Bad Boy Bubby - Image Une Test Blu-ray

Bad Boy Bubby en Blu-ray : C’est arrivé loin de chez nous

Il est assez rare de croiser dans une vie de cinévore forcément compulsive un film de la trempe d’un Bad Boy Bubby. Mais il faut croire qu’avec ce cinéma venu des antipodes, la chose sait se faire récurrente. C’est que si l’Australie et dans une moindre mesure la Nouvelle-Zélande a su enrichir avec succès le bestiaire hollywoodien de talents devenus incontournables, leurs productions nationales n’a jamais été en reste pour accoucher d’œuvres le plus souvent iconoclastes et en tout cas bien loin d’une forme de normalisation mondialisée.

Bad Boy Bubby - Affiche 1993

D’ailleurs, pour parfaire sa culture sur ce point, on ne saurait trop vous conseiller de découvrir le documentaire signé Mark Hartley intitulé Not Quite Hollywood qui revient avec une énergie ultra jouissive sur cette nouvelle vague australienne des années 70 et 80 dont la partie visible de l’iceberg sont des films comme Mad Max ou Razorback. Du côté néo-zélandais c’est certes moins prolifique mais on a toujours en tête Le Dernier survivant de Geoff Murphy, pépite datant de 1985 qui enterre tous les films sur la même thématique avant, pendant et après sa réalisation. La filiation de Bad Boy Bubby est donc à rechercher du côté de cet historique joyeusement foutraque même si l’on n’a pas affaire ici à un véritable film de genre mais plutôt à une sorte d’étude sur l’enfance et le droit à la différence.
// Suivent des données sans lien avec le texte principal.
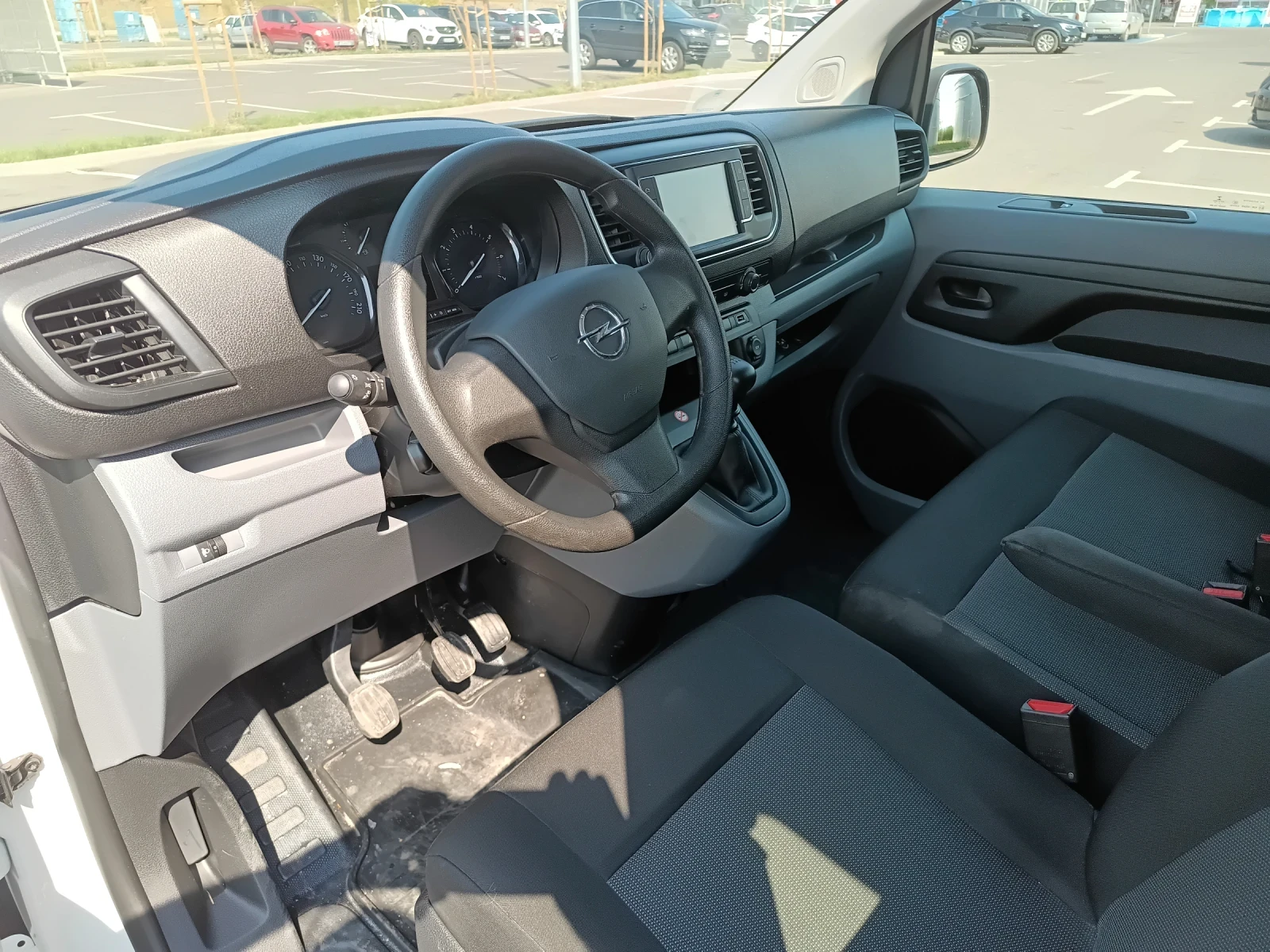 Opel Vivaro, снимка 5 - Бусове и автобуси - 55594121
Bubby vit avec sa mère depuis 35 ans dans un 20m² qu’il n’a jamais quitté. Il ne connaît que sa mère avec qui il fornique tous les soirs et pense que le monde extérieur est tellement pollué qu’il faut s’équiper d’un masque à gaz pour pouvoir y survivre. Le retour de son père va bouleverser cet harmonieux équilibre et obliger Bubby à couper définitivement et littéralement le cordon ombilical. Commence alors une aventure extraordinaire où Bubby va pouvoir grandir, peloter de nouveaux seins, apprendre à rejeter Dieu, trouver l’amour et surtout découvrir la musique. C’est cette maturation en mode express qui intéresse essentiellement le réalisateur d’origine hollandaise à qui l’on doit dernièrement le très engagé Charlie’s Country avec le célèbre acteur aborigène David Gulpilil. Avec son comédien totalement azimuté Nicholas Hope qu’il a découvert via un court-métrage présenté en bonus de cette édition, il enfreint pas mal des règles de la progression dramatique, abolit certaines convenances sociales propres au cinéma classique et défonce sa grammaire usuelle en repoussant par exemple certaines frontières techniques (le son binaural enregistré à l’aide de deux mini microphones cachés de part et d’autre dans la perruque de l’acteur ou l’utilisation de 32 directeurs de la photo voulue comme tel afin d’anticiper un tournage long et fastidieux du fait d’un budget ridicule et en total work in progress). Le spectateur est quant à lui sans cesse acculé dans ses derniers retranchements, toujours sur le qui vive et mal à l’aise par ce qu’il croit percevoir ou comprendre. Le film balance aussi quelques vérités totalement assumées comme ce discours anticlérical d’abord sous-jacent puis extrêmement frontal symbolisé par la scène dans l’usine en un plan séquence aérien de toute beauté pour ne pas dire élégiaque. (1)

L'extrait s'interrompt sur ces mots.